An electron is released a short distance above the surface of the Earth. A second electron directly below it exerts an electrostatic force on the first electron just great enough to cancel the gravitational force on it. How far below the first electron is the second? M

## Homework Equations

F = G(MeMp)/r^2
F = Ke|q1||q2|/r^2

## The Attempt at a Solution

I am not sure how to attempt this problem but this is what i thought.

F = (6.67 x 10^-11) (9.11 x 10^-31)(1.67 x 10^-27)/r^2

my problem there is i dont know how to find F to solve for r. its the same way if i use the other formula I still dont know F to solve for r.

I don't understand this at all and what numbers am i suppose to find to do this.

Kurdt
Staff Emeritus
Gold Member
All you have to do for this is make the gravitational force equal to the electrostatic force and solve for r. That is:

$$G\frac{M_Em_e}{r_e^2}=K\frac{e^2}{r^2}$$

Remember re is the radius of the Earth and r is the distance between the electrons so they are not the same thing if thats what was confusing you originally.

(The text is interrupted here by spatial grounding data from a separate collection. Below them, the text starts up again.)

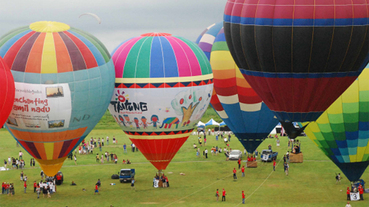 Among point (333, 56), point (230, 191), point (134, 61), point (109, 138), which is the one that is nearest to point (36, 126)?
point (134, 61)

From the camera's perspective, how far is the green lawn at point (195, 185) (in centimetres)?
3806

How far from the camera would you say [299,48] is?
1218 inches

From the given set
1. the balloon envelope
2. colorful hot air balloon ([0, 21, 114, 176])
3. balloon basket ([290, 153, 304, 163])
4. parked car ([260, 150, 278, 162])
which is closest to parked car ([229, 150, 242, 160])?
parked car ([260, 150, 278, 162])

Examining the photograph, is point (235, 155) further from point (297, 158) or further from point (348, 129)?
point (348, 129)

Okay, I understand the formula a bit but not sure of what the varibles are.

M_E = mass of electron?
m_e = mass of earth?
e = ?????

Kurdt
Staff Emeritus
Gold Member
e is the charge on an electron.

Thanks for the help on solving this.

I have one question, How did you get the equation K(e^2/r^2)?

ranger
Gold Member
Thanks for the help on solving this.

I have one question, How did you get the equation K(e^2/r^2)?

Since e is the charge of the electron and your system has two electrons, it is shorter to write K(e^2/r^2) rather than K(e*e/r^2).

Okay, I get it now thanks for the explanation.